=== Recorded data ===

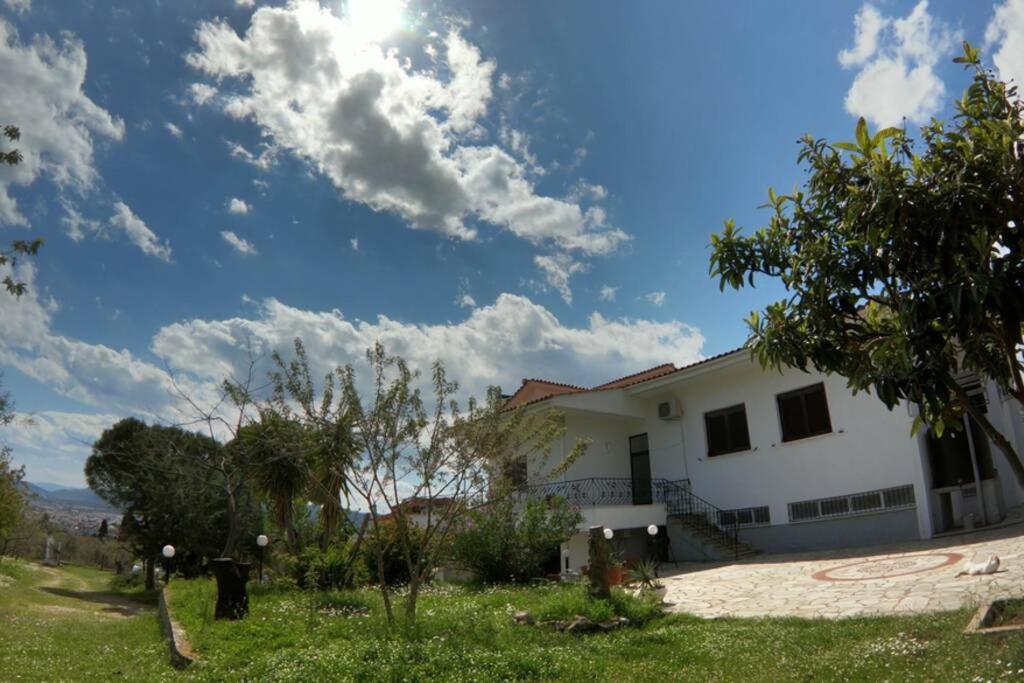 Villa Triple H à Vólos Extérieur photo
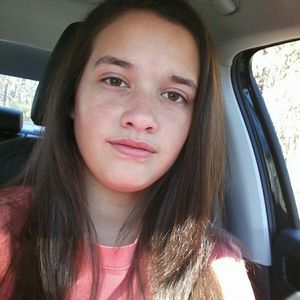 Meet your Posher, Kelli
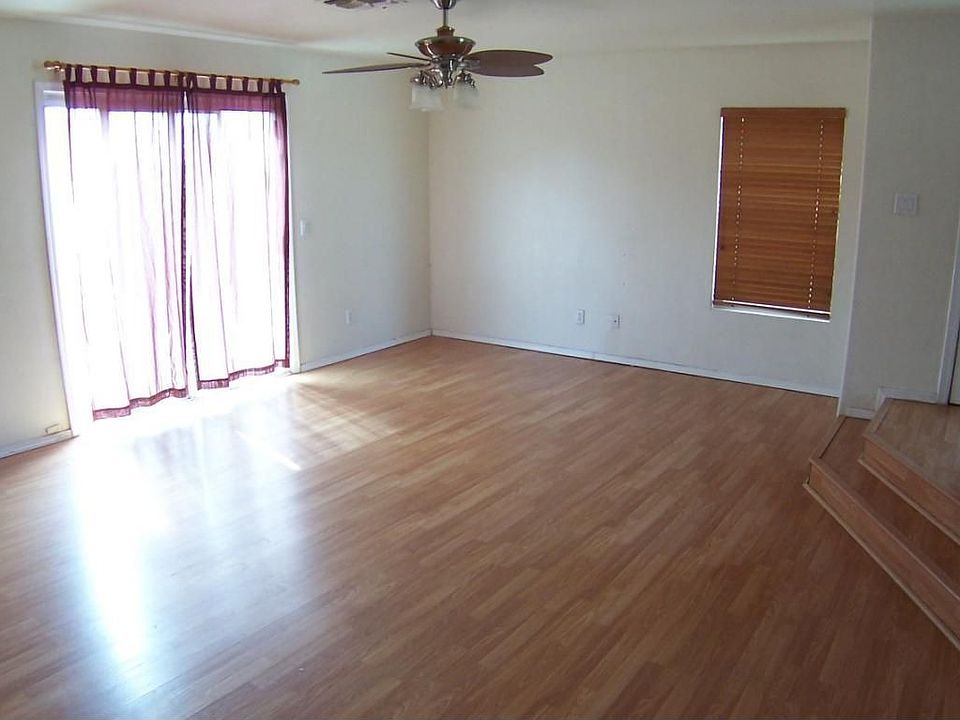 2nd image of 11219 W Glenrosa Ave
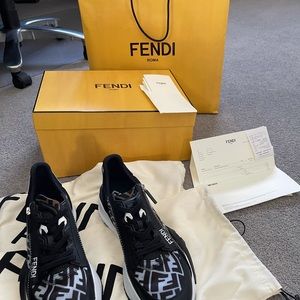 Fendi Men’s sneakers size 10. Worn once!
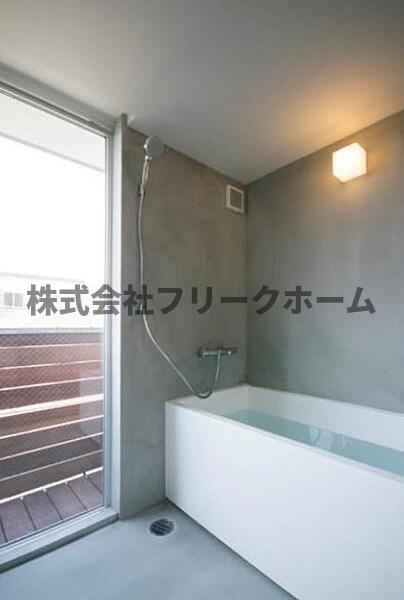 ＪＲ中央線 三鷹駅 徒歩5分 6階建 築13年の風呂写真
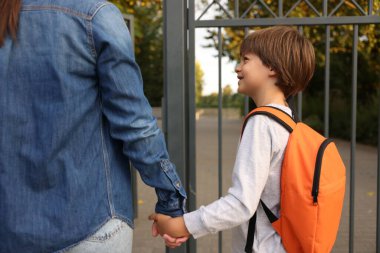 Anne oğlunu açık hava okuluna götürüyor, yakın çekim.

===

▸ **Problem details**
Leaving every picture out, please copy exactly the lines from the one holding "2nd image of 11219 W Glenrosa Ave" through the last line of the listing, both ends included.

▸ **Expected answer**
 2nd image of 11219 W Glenrosa Ave
 Fendi Men’s sneakers size 10. Worn once!
 ＪＲ中央線 三鷹駅 徒歩5分 6階建 築13年の風呂写真
 Anne oğlunu açık hava okuluna götürüyor, yakın çekim.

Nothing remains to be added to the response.